Comment ne pas avoir conscience de la force du visuel

Quelques pages plus loin, l’auteur parle du Marché des Artistes dans le Vieux-Lyon sur les quais de Saône. Une réalité que je connais bien, car c’est en ce lieu que, mandaté par l’Église, j’avais ouvert un espace d’art du visuel, Confluences. Que de riches conversations avions-nous eu entre artistes et amateurs d’art. L’indicible d’exprimait dans ce qui se regardait. Ouverture à toutes et tous d’une page d’Évangile. Révélation du mystère de l’homme et de Dieu. Inévitablement un échange où chacun prend le risque de la rencontre.

Lisons page 47 et suivant :

« Au Marché aux Artistes on ne trouve rien de très cher, mais rien de très beau. On lentibardane sous les platanes, on regarde sans hâte les œuvres de «ceux qui exposent, et ceux-ci derrière leur table toisent la tourbe des badauds qui glissent, de plus en plus méprisants à mesure qu'on ne leur achète rien.

Je préfère ici au monde clos des galeries, car ce qui est exposé est clairement de l'art : de la peinture sur toile, réalisée selon des styles connus. On reconnaît ce que l'on sait, on peut évacuer le sujet, et derrière les toiles indiscutables guette l'œil fiévreux des artistes. Ceux-là qui exposent se montrent eux-mêmes ; ils viennent sauver leur âme, car ils sont artistes, pas badauds ; quant aux badauds, ils sauvent leur âme en venant voir des artistes. Celui qui peint sauve son âme à condition qu'on lui achète, et acheter sa peinture procure des indulgences, quelques heures de paradis gagnées sur la damnation quotidienne.

J'allais et m'amusais de vérifier, encore et encore, que les artistes ressemblent à leur œuvre. Paresseusement on croit à l'inverse, par un sainte-beuvisme de bazar : l'artiste s'exprimerait et donnerait forme à son œuvre, et celle-ci donc le refléterait. Allons ! Un tour sous les platanes du Marché aux Artistes révèle tout ! L'artiste ne s'exprime pas — car que dirait-il ? : il se construit. Et ce qu'il expose, c'est lui. Derrière son étal il s'expose au vu des badauds qu'il envie et méprise, sentiments qu'ils lui renvoient bien, mais autrement, à l'envers, et ainsi tout le monde est content. L'artiste fabrique son œuvre, et en retour l'œuvre lui donne la vie.

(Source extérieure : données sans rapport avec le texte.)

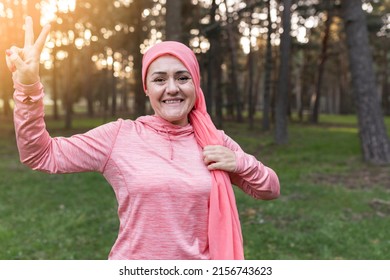 mature woman fighting cancer with a pink scarf on. nature at sunset - breast cancer survivor concept - - Shutterstock ID 2156743623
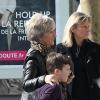 Brooklyn et Cruz Beckham se promènent avec leur grand-mere Sandra Georgina sur les Champs-Elysees à Paris, le 9 mars 2013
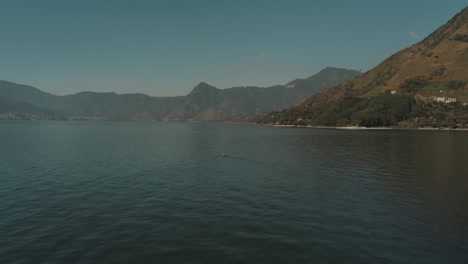 drone aéreo volando hacia un hombre en un bote en el lago de atitlán, guatemala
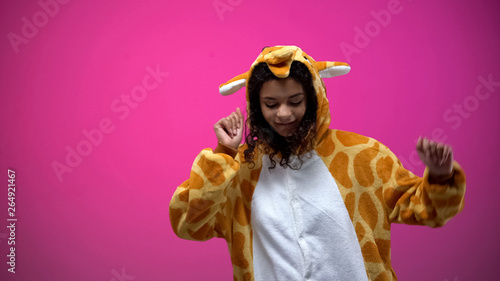 Afro-American woman in funny giraffe pajamas dancing isolated on pink background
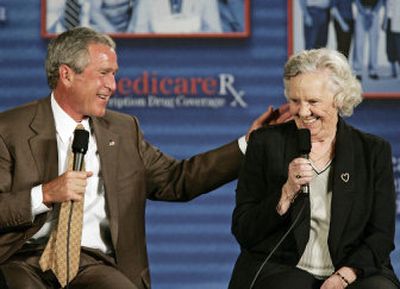 
President Bush shares a moment with senior citizen Myrtle Jones  during a conversation on Medicare  in Rancho Cucamonga, Calif., Monday. 
 (Associated Press / The Spokesman-Review)
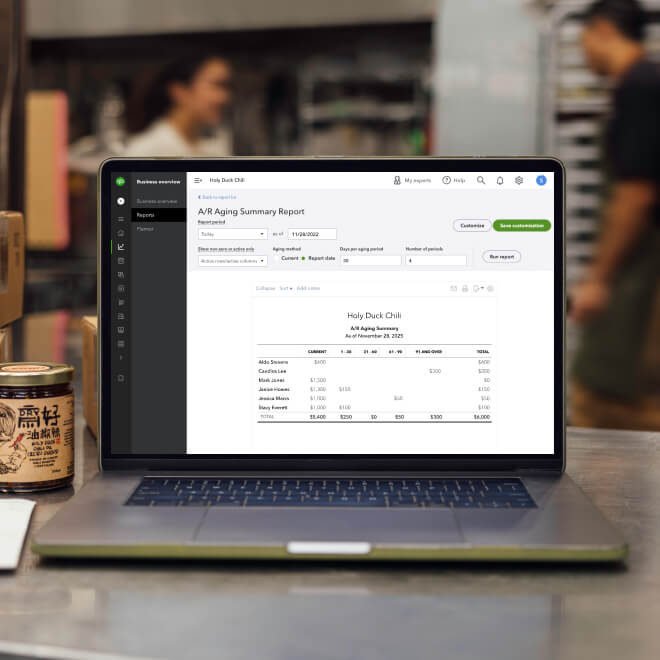 Laptop on the kitchen countertop with summary report on screen.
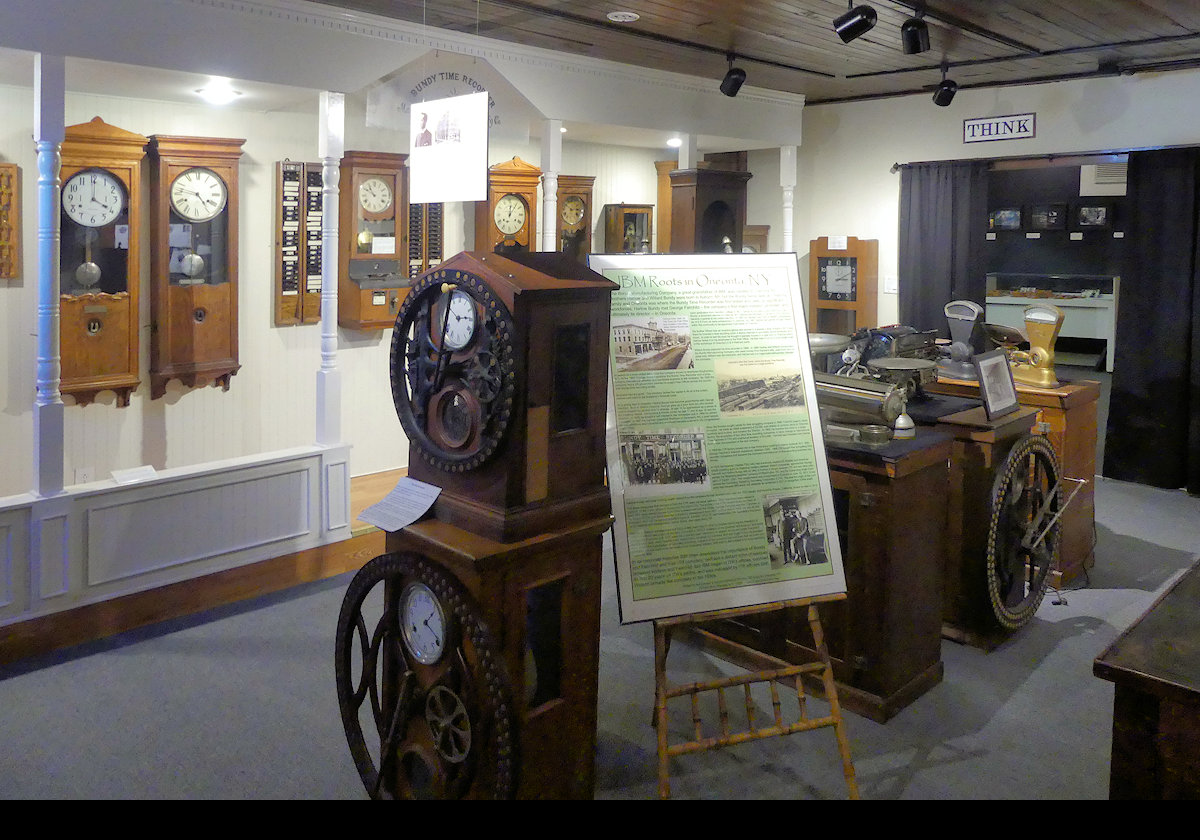 This is the recreation of the Bundy Company's 1893 World's Fair booth featuring an array of time clocks. 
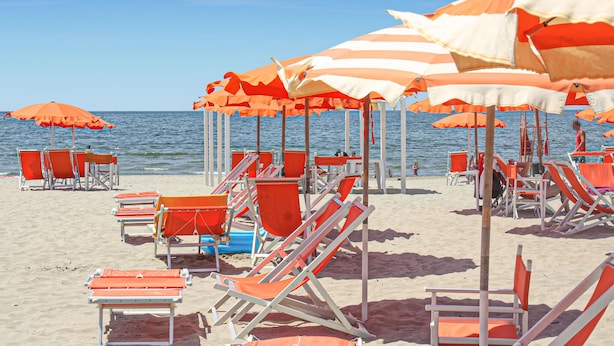 A beach with rows of orange and white striped umbrellas and chairs.
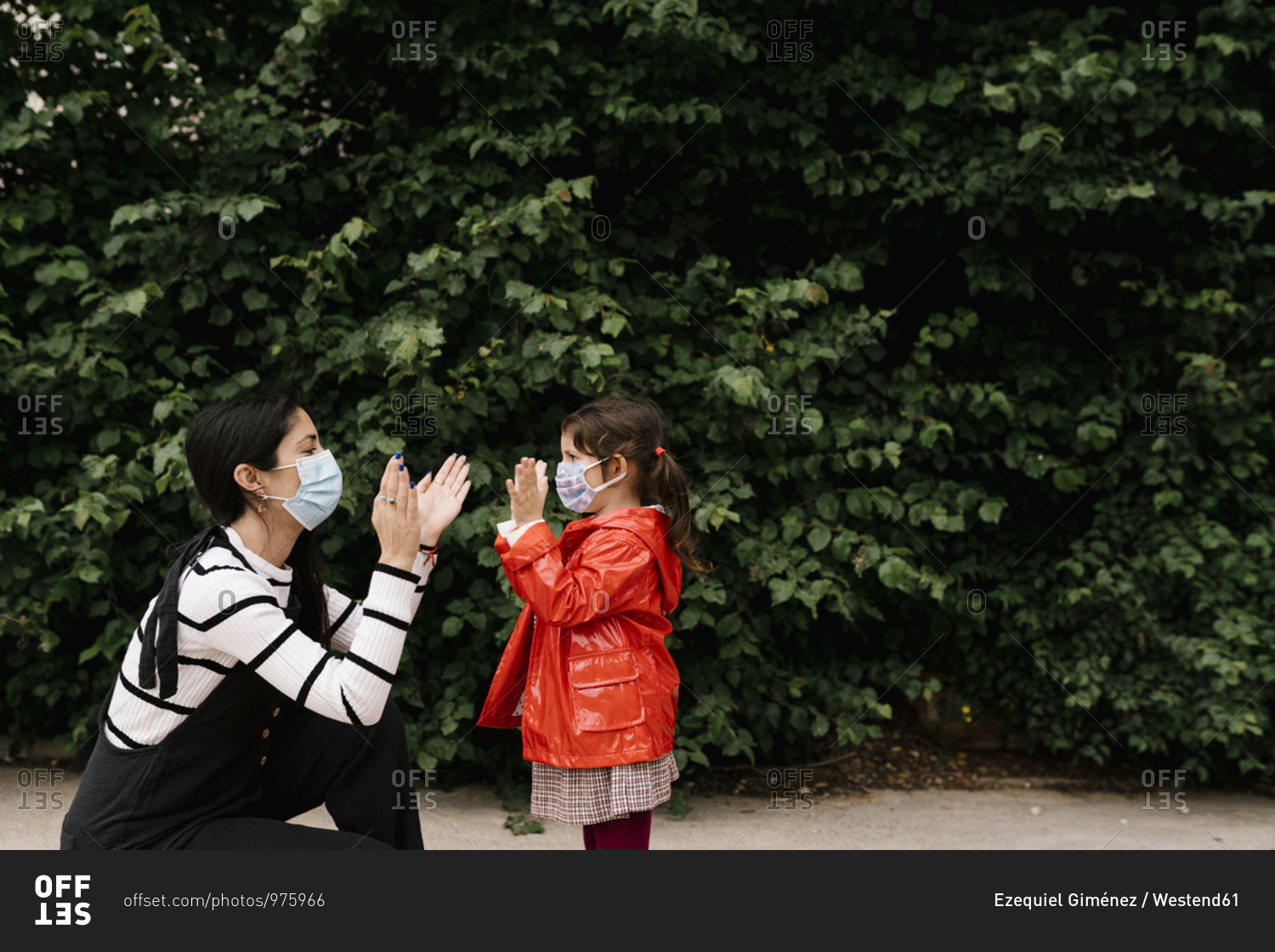 Mother and daughter wearing masks while playing clapping game against plants
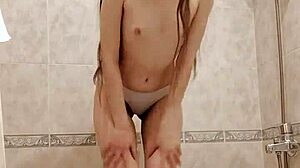 skinny teen brunette pisses through panties into bath squeezes for mouth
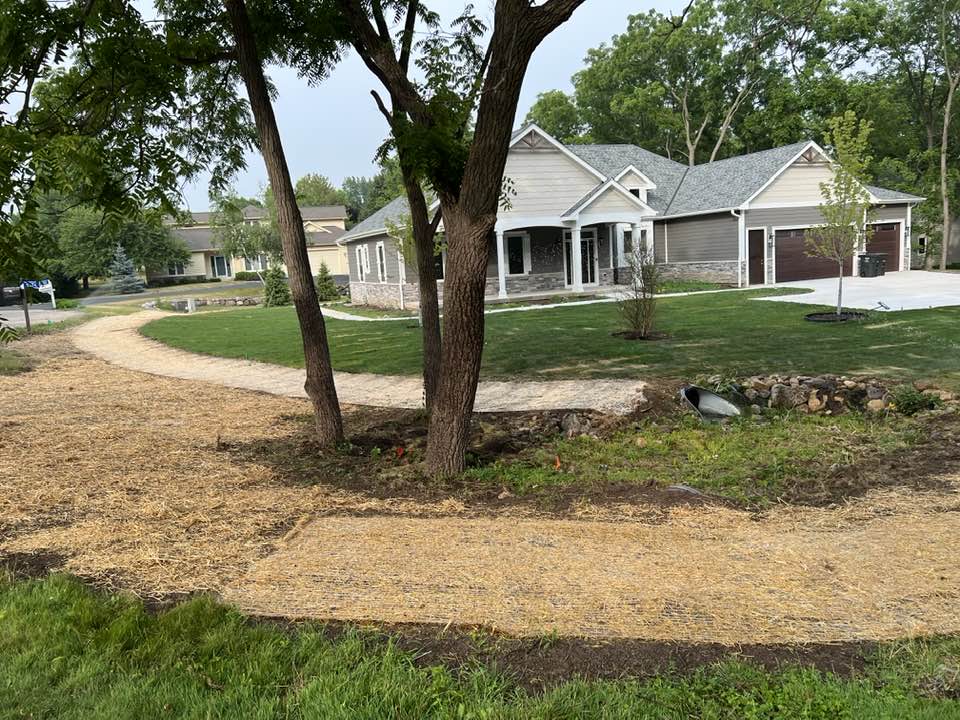 Seasonal landscape cleanup and fresh planting beds around a home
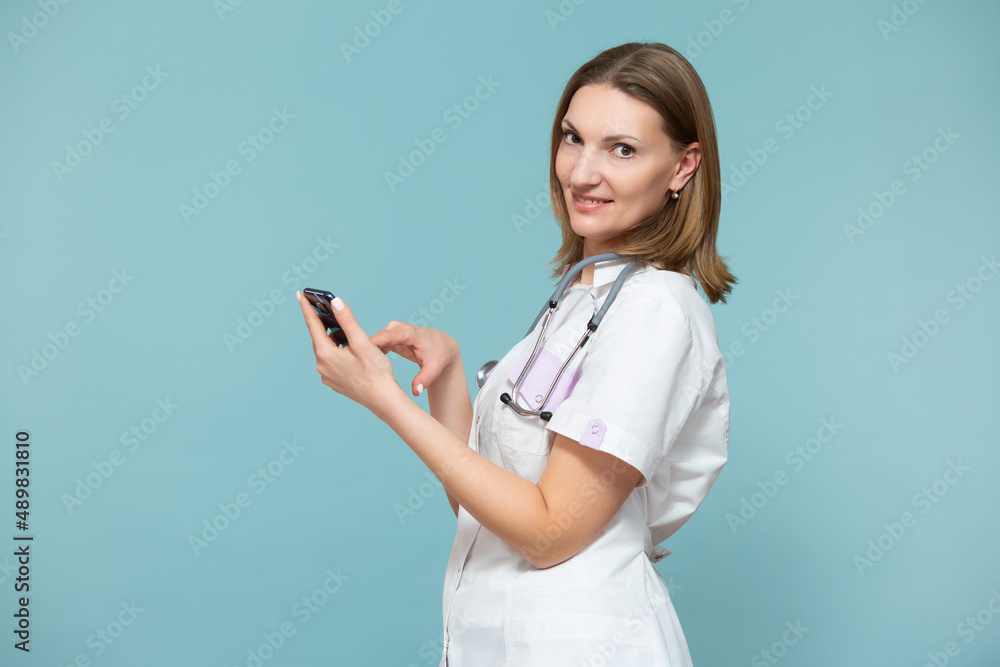 A woman doctor with a smartphone conducts an online consultation, supports the patient by phone, on a blue background. Copy paste. Distance healthcare concept. A woman doctor with a smartphone conducts an online consultation, supports the patient by phone, on a blue background. Copy paste. Distance healthcare concept.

Regardez ce grand type maigre qui fait de terribles portraits à grandes touches d'acrylique : chacun est lui sous différents angles. Assemblez-les, ils le montrent tel qu'il voudrait être. Et ce qu'il voudrait est.

Regardez celui qui peint avec soin des aquarelles trop vives, trop tranchées, dont les couleurs crient, dont les masses articulent distinctement. Il est sourd et entend très mal ce que disent les curieux, il peint le monde tel qu'il l'entend.

Regardez cette femme très jolie qui ne peint que des portraits de belles femmes. Toutes lui ressemblent, et avec les années elle s'habille de mieux en mieux, se fane, et ces femmes peintes sont d'une beauté de plus en plus tapageuse. D'une façon prévisible, elle signe « Doriane ».

Regardez ce Chinois timide qui propose des peintures d'une extrême violence, des visages en gros plan profondément défoncés de coups de brosse. Il ne sait jamais où mettre ses mains énormes et s'en excuse d'un sourire charmant.

Regardez celui-ci qui peint des miniatures sur des planches de bois ciré. Il arbore une coupe au bol que l'on ne voit que dans les marges des manuscrits, il a un teint de cire, et son répertoire de gestes se réduit progressivement jusqu'à n'être que celui de la statuaire médiévale.

Regardez cette grande femme aux cheveux noirs teints, qui eut de meilleures années, qui maintenant se flétrit, mais reste droite et l'œil étincelant. Elle peint des corps enchevêtrés d'un trait souple d’encre de Chine, d'un érotisme assuré qui ne déroge pas, mais sans débordement.

Regardez cette Chinoise assise au milieu de toiles décoratives. Ses cheveux entourent ses épaules d’un rideau de soie noire qui est l'écrin de sa bouche d’un rouge éblouissant. Sa peinture clinquante n'est que de peu d'intérêt, mais quand elle s'assoit entre ses toiles elles deviennent le fond parfait du pourpre profond de ses lèvres ».

 

Je me retrouve bien dans ce dialogue, parfois silencieux, parfois bavard. Instant de vérité où l’essentiel peut se vivre. Se vit.